La maladie de Parkinson fait partie des pathologies difficiles à anticiper et à soigner. Similaire sous quelques aspects à Alzheimer, Parkinson est une maladie évolutive avec des signes avant-coureurs difficiles à détecter avant le diagnostic. Cependant, à cette phase, plus de la moitié des neurones dopaminergiques (ceux qui contrôlent les mouvements) a déjà progressivement disparu. 

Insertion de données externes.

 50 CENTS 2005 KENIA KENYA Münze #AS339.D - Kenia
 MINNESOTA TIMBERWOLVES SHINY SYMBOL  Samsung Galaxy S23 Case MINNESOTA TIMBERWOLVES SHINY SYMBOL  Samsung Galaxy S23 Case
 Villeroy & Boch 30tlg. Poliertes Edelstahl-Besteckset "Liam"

Selon les témoignages de personnes atteintes de Parkinson et de leurs proches, cinq indicateurs peuvent mettre en évidence la dégénérescence à ses premiers stades et bien avant les premiers signes connus. Sachez repérer ces troubles cognitifs dès le plus jeune âge pour rester en bonne santé.

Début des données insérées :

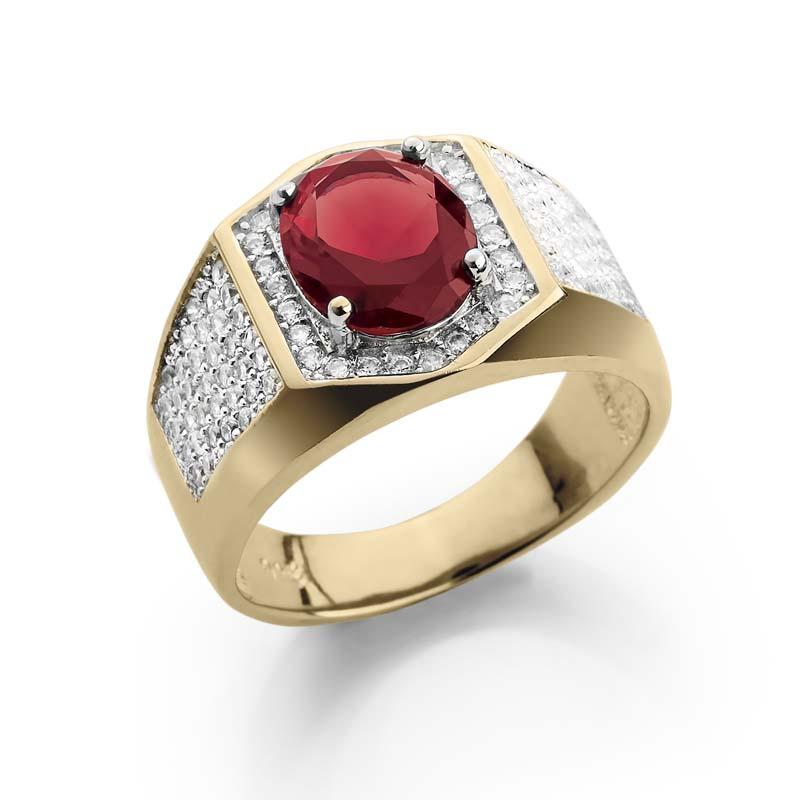 Daniel Steiger Rialto Garnet Men's Ring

1- Le tremblement : signe avant-coureur de Parkinson

Le tremblement est le symptôme le plus connu et le plus visible de la maladie de Parkinson. Pourtant, les premières agitations rythmiques du corps peuvent passer inaperçues au début de la maladie. Il est donc important de prendre en compte les troubles moteurs suivants :

  • Une main ou une jambe tremble légèrement au repos (et non pas après avoir fait un effort physique).
  • Un membre cesse d’osciller en position allongée.
  • Des tremblements pendant les situations de stress ou lors d’une tâche qui demande de la concentration.
  • Le menton “tremblotte” lors d’un trop plein émotionnel ou de fatigue.

Si le tremblement peut être absent aux premiers stades de la maladie de Parkinson, il peut surgir plus tard lors du développement. 

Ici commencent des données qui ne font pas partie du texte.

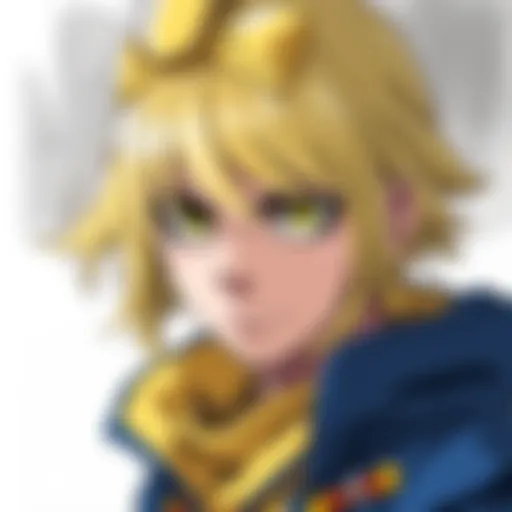 A detailed drawing of Kurapika showcasing his distinct features and intense expression, capturing the character's essence.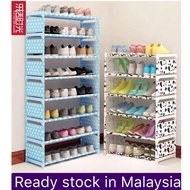 【Ready Stock】 Korean DIY Shoe Rack Assembly Mutli-Storey 3/4/6/8-Tier Rack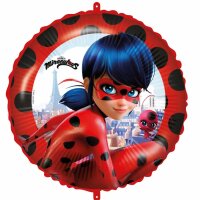 Folienballon Miraculous  Lady Bug D46cm rot, Ladybug Motiv
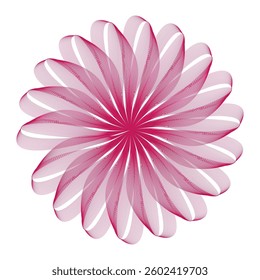 Various swirling spiral waves harmoniously blend to form stunning abstract flowers in this vector background, delivering a vibrant, playful, and artistic design for creative themes.

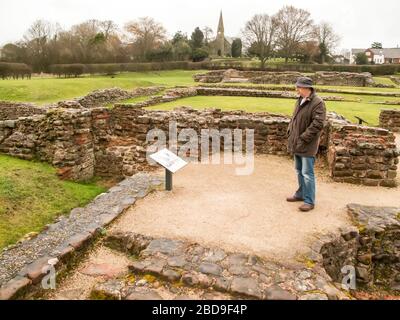 Antike römische Siedlung bei Wall, in der Nähe von Lichfield, Staffordshire, UKFall Stockfoto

Parkinson: symptômes précoces, résumé des 5 signes à surveiller

2- La difficulté de concentration : syndrome parkinsonien 

Plus discrètes, la fatigue et une diminution de la concentration sont reconnues comme des signes précoces de la maladie de Parkinson. Des conséquences directement liées à une lenteur accrue dans les tâches quotidiennes ou une baisse de motivation générale. 

Cette nonchalance, causée par une atteinte des fonctions exécutives, engendre des difficultés à réaliser des mouvements, à s’organiser, à planifier et à anticiper.

La Bradykinésie, ou la lenteur des mouvements, peut aussi s’observer pendant la marche (l’akinésie). Chaque pas est plus lent et réfléchi. La démarche devient moins spontanée. 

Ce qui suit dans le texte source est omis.